DIRECTIONS> Your answer must be the lines from the one containing "Y.100r Night Rider Kapalı Motosiklet Kaskı" through the last line below, copied exactly, with no pictures.

===== RECORDS SUPPLIED =====

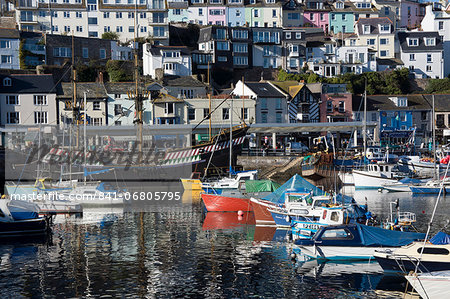 Harbour, Brixham, Devon, England, United Kingdom Harbour, Brixham, Devon, England, United Kingdom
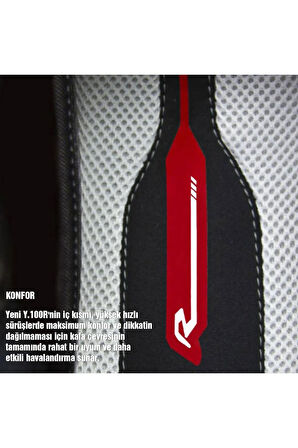 Y.100r Night Rider Kapalı Motosiklet Kaskı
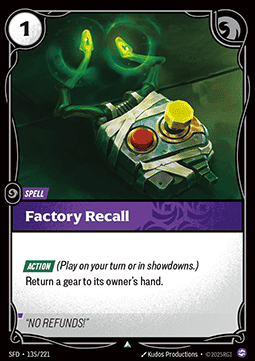 Factory Recall [SFD] [Inglese / Cinese Semplificato]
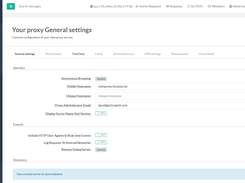 Proxy Parameters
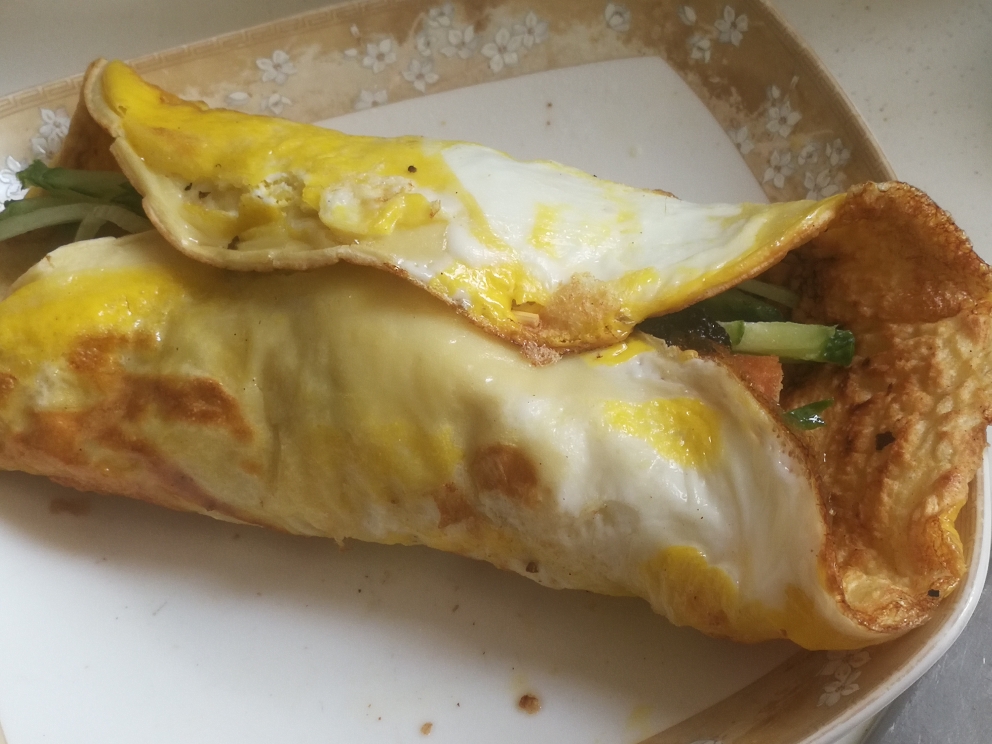 营养早餐—鸡蛋杂菜包饼的做法
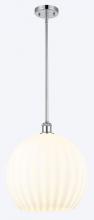 Innovations Lighting 516-1S-PC-G1217-14WV - White Venetian - 1 Light - 14 inch - Polished Chrome - Pendant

=====

ANSWER>
 Y.100r Night Rider Kapalı Motosiklet Kaskı
 Factory Recall [SFD] [Inglese / Cinese Semplificato]
 Proxy Parameters
 营养早餐—鸡蛋杂菜包饼的做法
 Innovations Lighting 516-1S-PC-G1217-14WV - White Venetian - 1 Light - 14 inch - Polished Chrome - Pendant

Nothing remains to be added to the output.